*Task description*: The answer should be an exact repeat of the stretch of material below from the line containing "1分钟了解截肢手术全过程视频封面" through the line containing "Wideodermatoskopia - zmapowane znamię nr 35.".
(Data for this task begins)
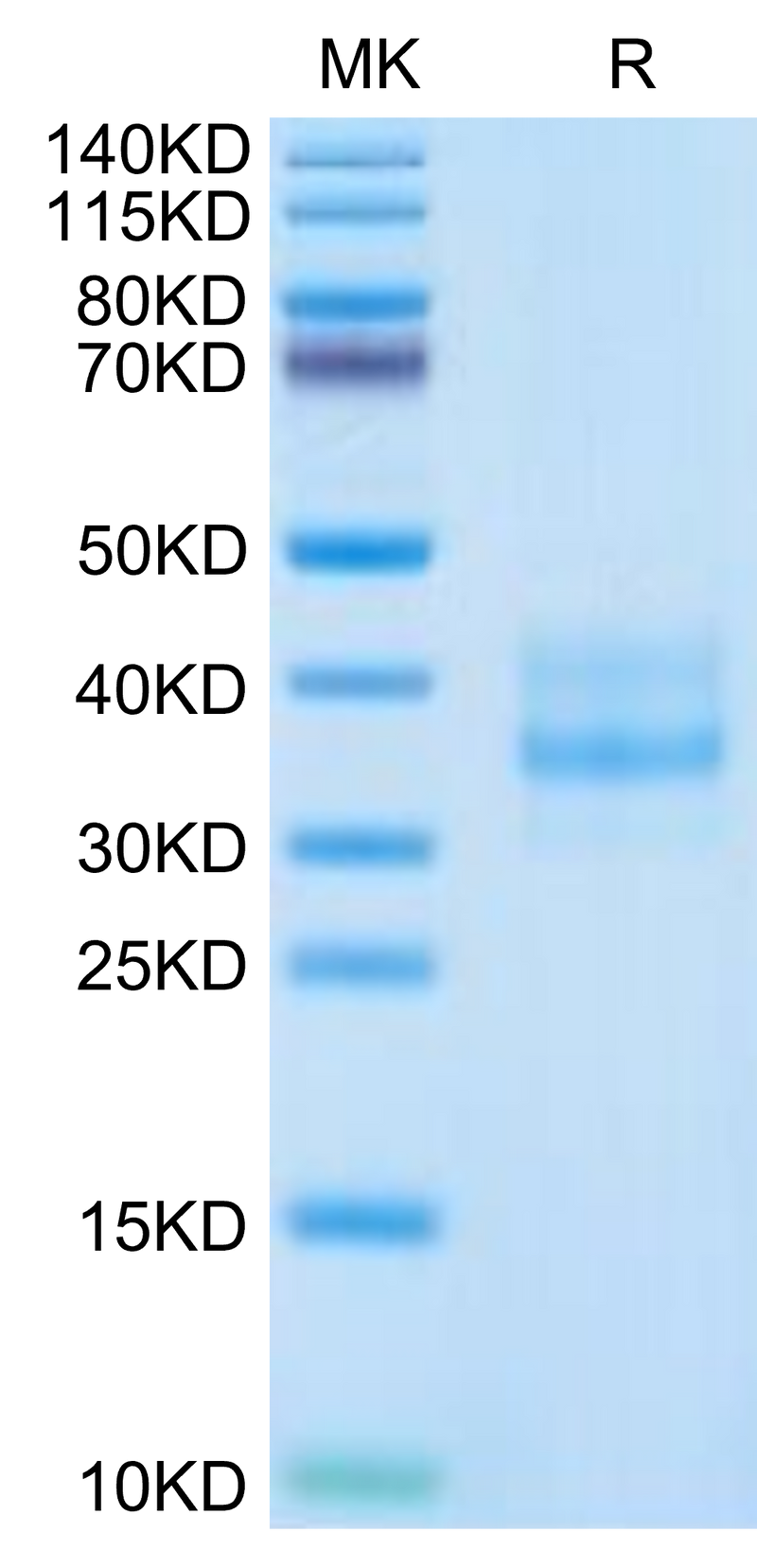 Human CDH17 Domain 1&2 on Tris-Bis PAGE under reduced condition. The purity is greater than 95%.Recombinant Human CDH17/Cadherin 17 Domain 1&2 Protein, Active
(Data for this task ends)
(Data for this task begins)
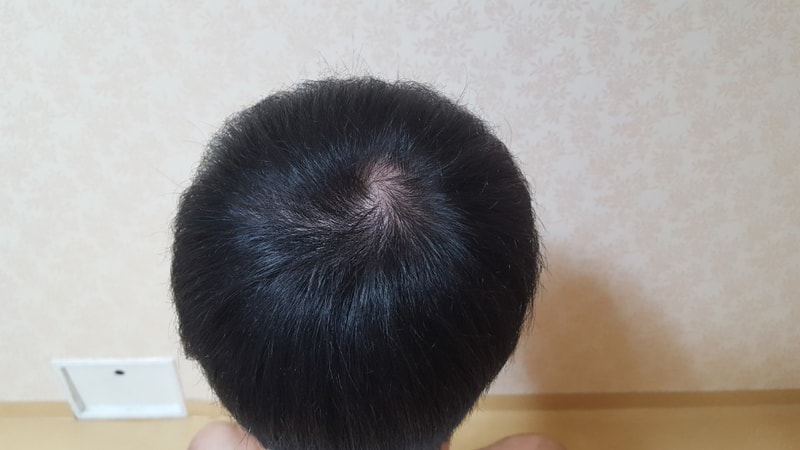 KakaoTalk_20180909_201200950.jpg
(Data for this task ends)
(Data for this task begins)
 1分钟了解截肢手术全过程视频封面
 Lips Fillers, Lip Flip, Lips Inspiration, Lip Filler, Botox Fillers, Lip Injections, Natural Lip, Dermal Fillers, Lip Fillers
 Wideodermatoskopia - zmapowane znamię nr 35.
(Data for this task ends)
*Task output*:
 1分钟了解截肢手术全过程视频封面
 Lips Fillers, Lip Flip, Lips Inspiration, Lip Filler, Botox Fillers, Lip Injections, Natural Lip, Dermal Fillers, Lip Fillers
 Wideodermatoskopia - zmapowane znamię nr 35.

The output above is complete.